Much of the focus today is on machine learning: the process by which a machine gets smart (or smarter), not the process by which a machine uses that intelligence.
Consider this e-commerce application: while shoppers are browsing I want to predict individuals customer’s buying potential so I can influence that potential.
Without machine learning, I could try and come up with every conceivable customer trait and action versus all products and then program all that into a complex proprietary algorithm. What is the likelihood I get all that correct—and account for every detail—and be correct 99.8% of the time—and that algorithm keeps working well in an ever-changing business world?
Now imagine instead of trying to program an algorithm explicitly to tell us what we want to know, we instead use machine learning techniques and let the machine learn about our problem.
In other words, instead of programming the answers ahead of time, we present the machine with data about our problem, we define the solution space (the answer we think we’re looking for), and let the machine draw its own conclusions. In this way, the machine learns much like a human would, through observation.
Take our e-commerce example again. We can gather hundreds of data points per second over the course of days, weeks, or months. All the information we need to predict sales is in that data somewhere, it’s just hard to see and even harder to process (for a human).
Now we give that data to a machine learning algorithm and let it process and it draws conclusions based on what we tell it we need to know. Once this learning is complete, that machine is ready to employ what it learned.
When a customer comes to the site, the machine can look at the current data, make inferences based on historical data in a matter of milliseconds, and make a sales prediction and recommendation.
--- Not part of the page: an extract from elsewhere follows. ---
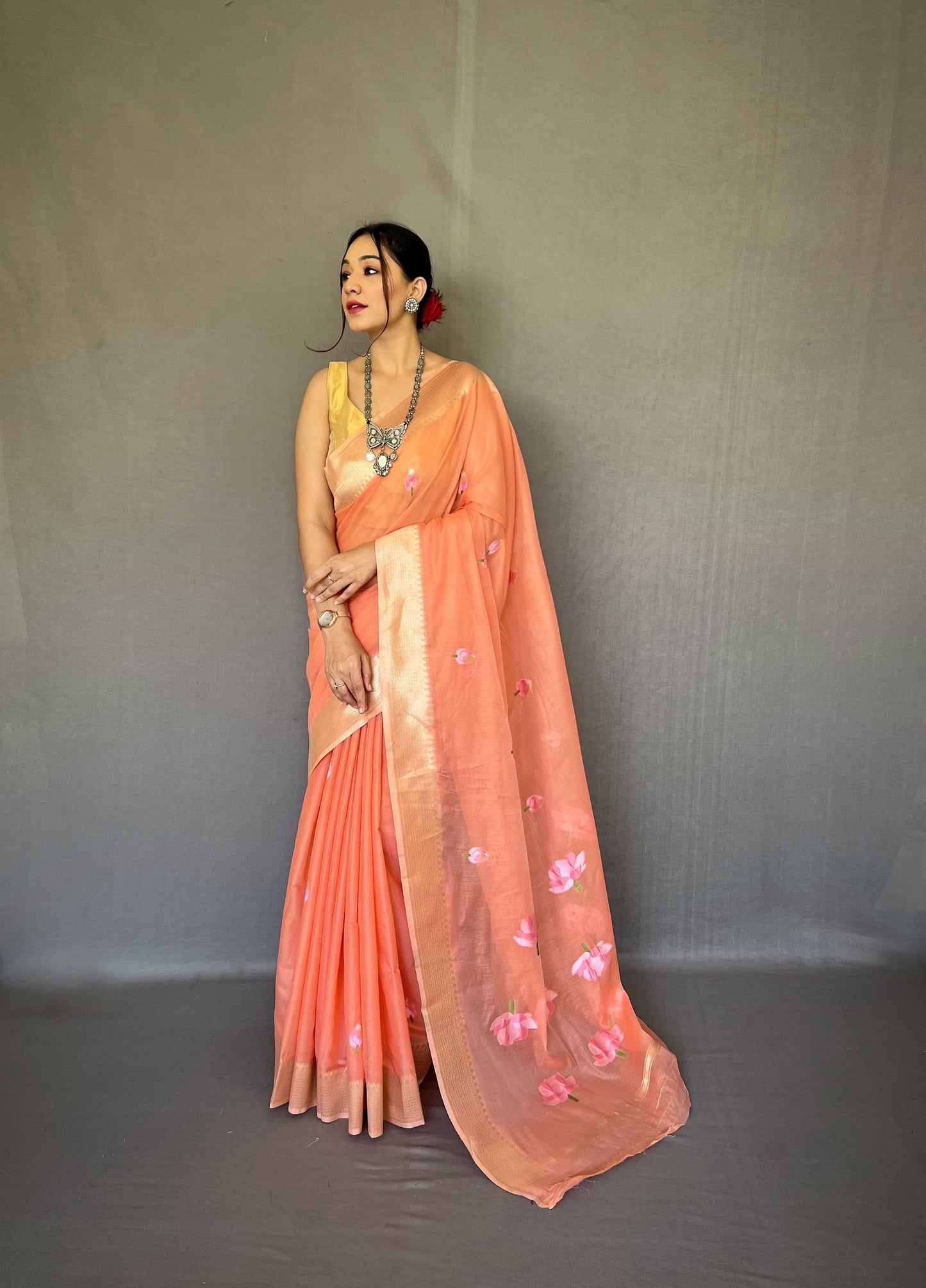 Soft Linen Saree With Allover Lotus Painting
Not only is that prediction very likely to be correct, but also if never-before-seen information is presented, it’s very likely our machine can extrapolate from the new data and still come up with the right answer—or at least a useful answer.
The process of learning described above is what is known as “guided” or “supervised” learning. For the machine to be smart, a human presents data to the machine for learning.
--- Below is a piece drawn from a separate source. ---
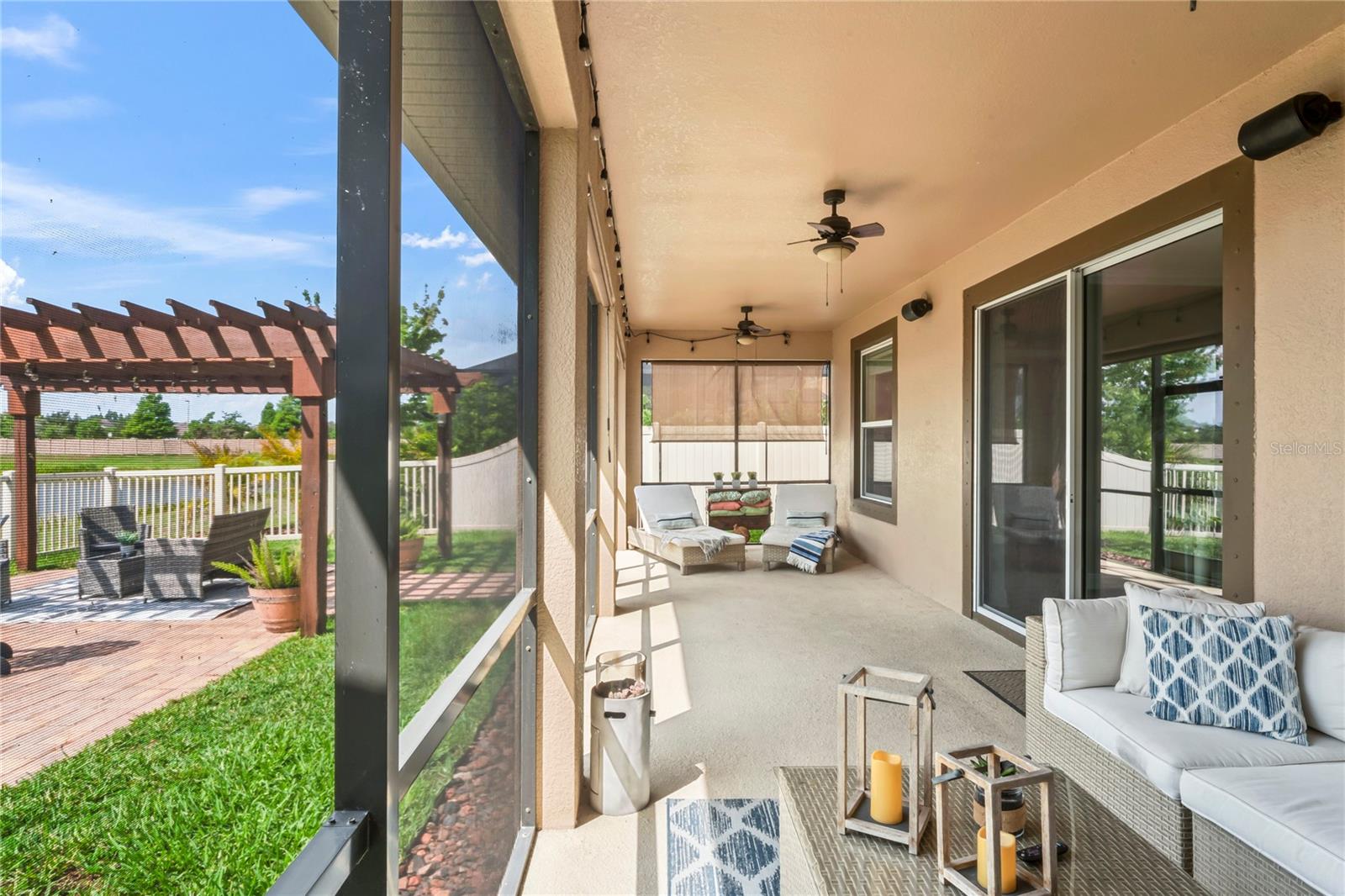 EXTENDED LANAI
The key point is that a human collects, or at least defines, the data to be used for learning, and tells the machine how to use that data in learning. This can create a bias. My machine is only as smart as the data I choose to give it, which can be a good or bad thing, depending on the problem and the person gathering the data.
Now consider a case where we let the machine make decisions by itself and learn by analyzing the feedback and impact of those decisions—still according to parameters we give it. This is known as “unsupervised” learning. The idea is simple and not unlike how humans learn by trial and error. Our smart machine initially starts out dumb, takes action, observes the results of that action, assesses the outcome, adjusts it’s “thinking” and then tries again—each time getting a little smarter.
In our e-commerce example, the computer would initially try to categorize shoppers in some fashion and likely be wrong most of the time. But occasionally it would get it right, even if it was just by luck. The machine learning heuristic will look at the input data, the prediction made, and the outcome; and then adjust itself slowly over time to be more and more correct.
While self-learning sounds better, it’s not necessarily. It all depends on your problem, your learning process, how data is gathered, what data is available, and many other factors—all of which humans still need to decide.
At Granify, we leverage machine learning to help many of the most successful large retailers in the world optimize the shopper experience. In 2018, we optimized over 1.1 billion shoppers and in 2019 we’re on pace to double that. We’d love to help you too.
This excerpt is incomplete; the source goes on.